While Paragraph 2.3 provides that executory contractual obligations identified in Schedule 2.3 would be assumed by CHHP, and " Internal Revenue Service - PR" is identified on Schedule 2.3, Paragraph 3.4 provides that CHHP would pay all such executory contractual obligations " which arise after the Closing Date" plus any cure amounts which would be deducted from the purchase price. The IRS Taxes arose before the Closing Date, and the IRS Taxes did not arise from an executory contract which can be assigned and assumed. A contract is executory, and therefore assumable under section 365, only if one party's failure to perform its obligation would excuse the other party's performance. Zurich Am. Ins. Co v. Int'l Fibercom, Inc. (In re Int'l Fibercom, Inc.), 503 F.3d 933, 941 (9th Cir. 2007), citing Commercial Union Ins. Co. v. Texscan Corp. (In re Texscan Corp.), 976 F.2d 1269, 1272 (9th Cir. 1992); Pac. Express, Inc. v. Teknekron Infoswitch Corp. (In re Pac. Express, Inc.), 780 F.2d 1482, 1487 (9th Cir. 1986) (quoting Vern Countryman, Executory Contracts in Bankruptcy: Part I, 57 Minn. L. Rev. 439, 460 (1973)). The IRS owed no duty to perform vis-a-vis the IRS Taxes; it had no contractual obligation that could be breached. The IRS Taxes did not arise because of a contract with the IRS; they are statutory tax obligations. In any event, even if CHHP did " cure" any purported default, that amount would have to be credited against the purchase price.
As all of the remaining causes of action in the Amended Complaint (i.e., the first claim for declaratory relief, the second claim for conversion, the third claim for misrepresentation, and the fourth claim for misrepresentation) are dependent on an interpretation of the APA that both the bankruptcy court and we reject, the bankruptcy court did not err in dismissing the Amended Complaint. Furthermore, given that the APA on its face is not susceptible to the interpretation urged by Plaintiff, no ambiguity exists and no extrinsic evidence is required. Consequently, the bankruptcy court did not err in dismissing the adversary proceeding with prejudice.

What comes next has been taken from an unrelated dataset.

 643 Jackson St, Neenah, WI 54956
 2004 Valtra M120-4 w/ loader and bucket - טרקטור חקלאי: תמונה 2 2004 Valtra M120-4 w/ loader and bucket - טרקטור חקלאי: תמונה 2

In his Opening Brief (page 3), Plaintiff formally abandoned the fifth cause of action for injunctive relief. In addition, Plaintiff did not address the bankruptcy court's dismissal of his sixth claim (for accounting) in his opening brief or his reply brief. The bankruptcy court held that the claim was barred under the doctrine of issue or claim preclusion, and Plaintiff did not identify or discuss any error in that holding. As such, the sixth claim is deemed abandoned. See Branam v. Crowder (In re Branam), 226 B.R. 45, 55 (9th Cir. BAP 1998), aff'd, 205 F.3d 1350 (9th Cir. 1999).
VI. CONCLUSION
The bankruptcy court did not err in holding that the APA was not reasonably susceptible to the interpretation encouraged by Plaintiff and in dismissing the adversary proceeding without allowing Plaintiff to conduct further discovery to look for potential extrinsic evidence that would support his purported interpretation. Therefore, for the foregoing reasons, we AFFIRM.